[Your task]
Would you restate, word for word, only the lines starting at the one with "Fresh Air Round" and ending with the final line of the entries below? Pictures stay out.

◆ ◆ ◆ ◆ ◆ ◆ ◆

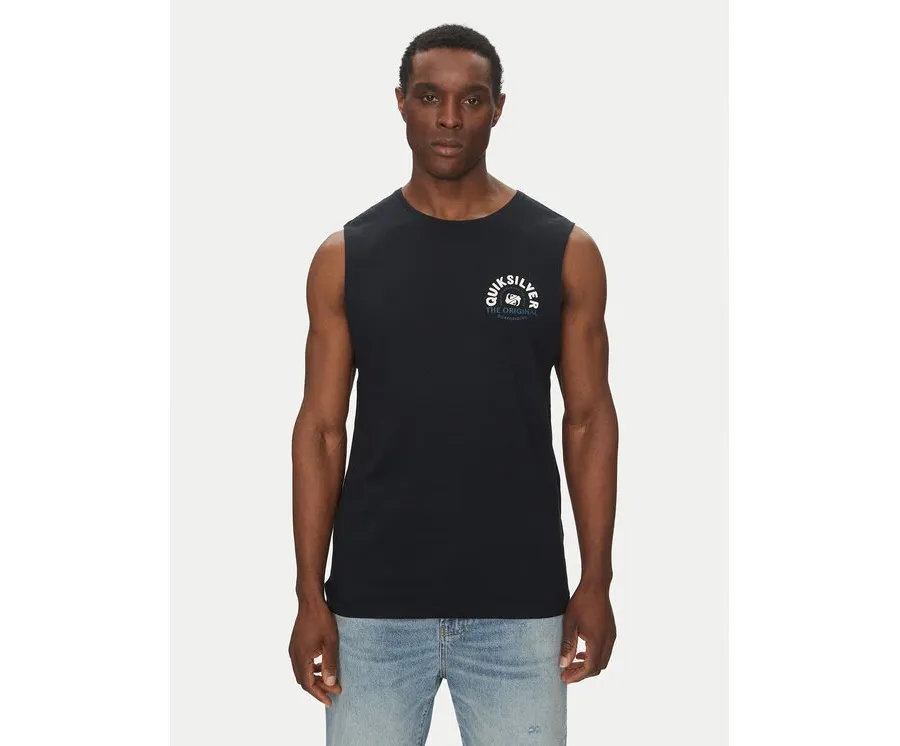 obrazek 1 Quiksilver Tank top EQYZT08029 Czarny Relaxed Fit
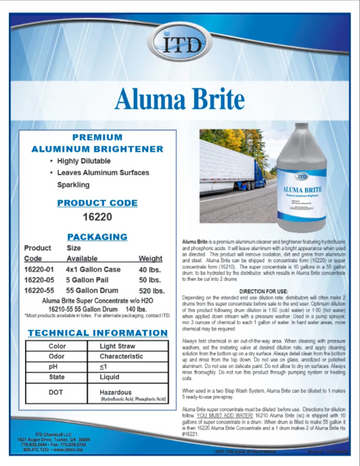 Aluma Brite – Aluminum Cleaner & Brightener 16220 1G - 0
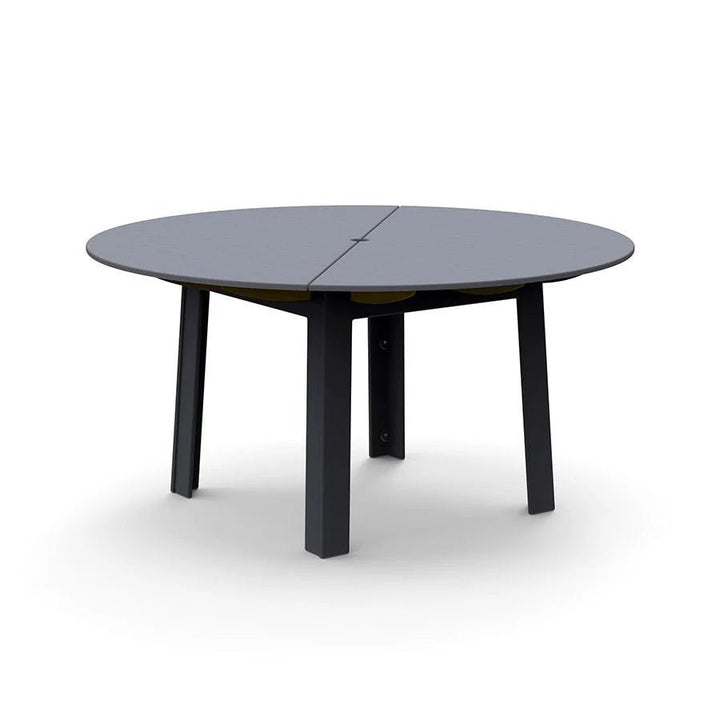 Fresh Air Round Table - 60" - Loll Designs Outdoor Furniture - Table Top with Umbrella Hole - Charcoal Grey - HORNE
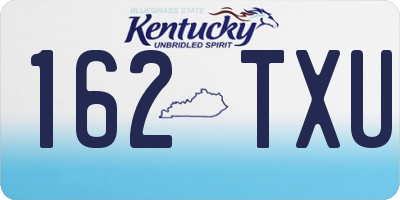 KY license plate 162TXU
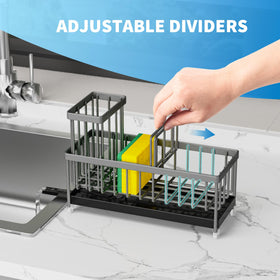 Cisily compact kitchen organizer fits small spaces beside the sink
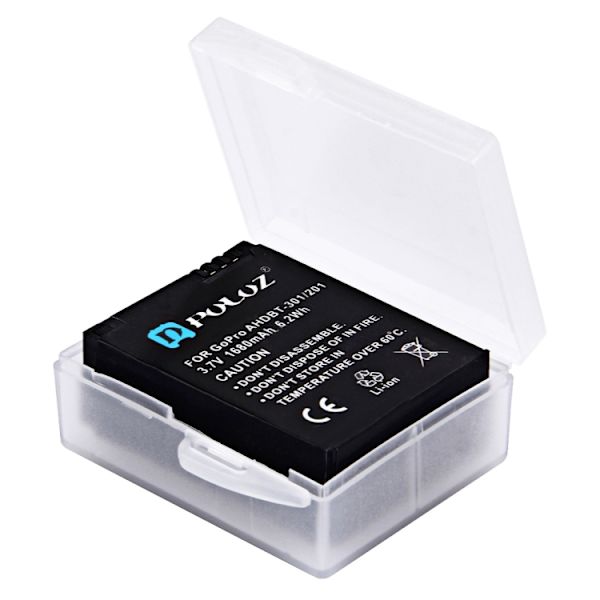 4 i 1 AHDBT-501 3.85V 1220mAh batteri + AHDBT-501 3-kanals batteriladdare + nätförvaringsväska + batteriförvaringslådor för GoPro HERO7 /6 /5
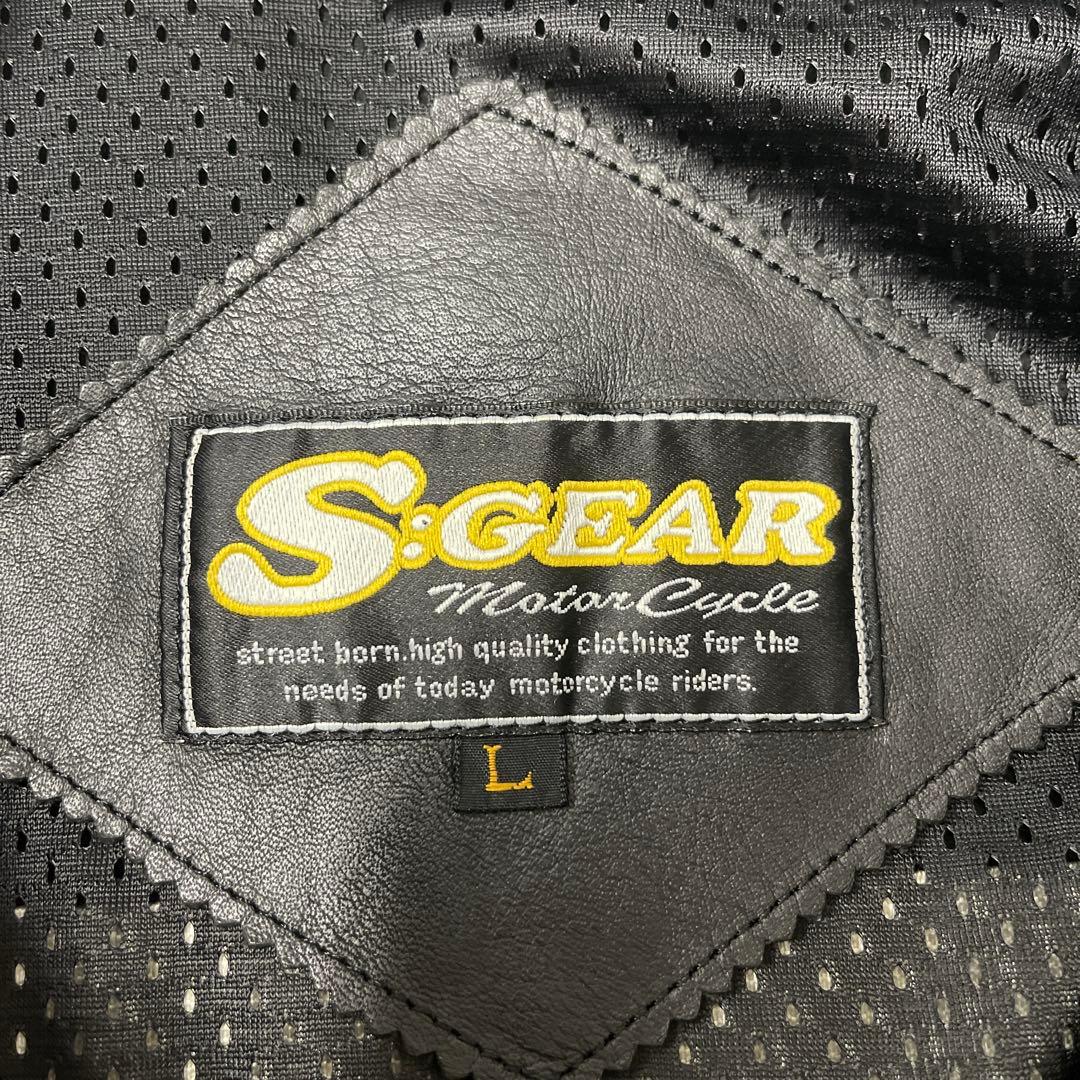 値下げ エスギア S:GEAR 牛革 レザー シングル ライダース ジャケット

◆ ◆ ◆ ◆ ◆ ◆ ◆

[Solution to this problem]
 Fresh Air Round Table - 60" - Loll Designs Outdoor Furniture - Table Top with Umbrella Hole - Charcoal Grey - HORNE
 KY license plate 162TXU
 Cisily compact kitchen organizer fits small spaces beside the sink
 4 i 1 AHDBT-501 3.85V 1220mAh batteri + AHDBT-501 3-kanals batteriladdare + nätförvaringsväska + batteriförvaringslådor för GoPro HERO7 /6 /5
 値下げ エスギア S:GEAR 牛革 レザー シングル ライダース ジャケット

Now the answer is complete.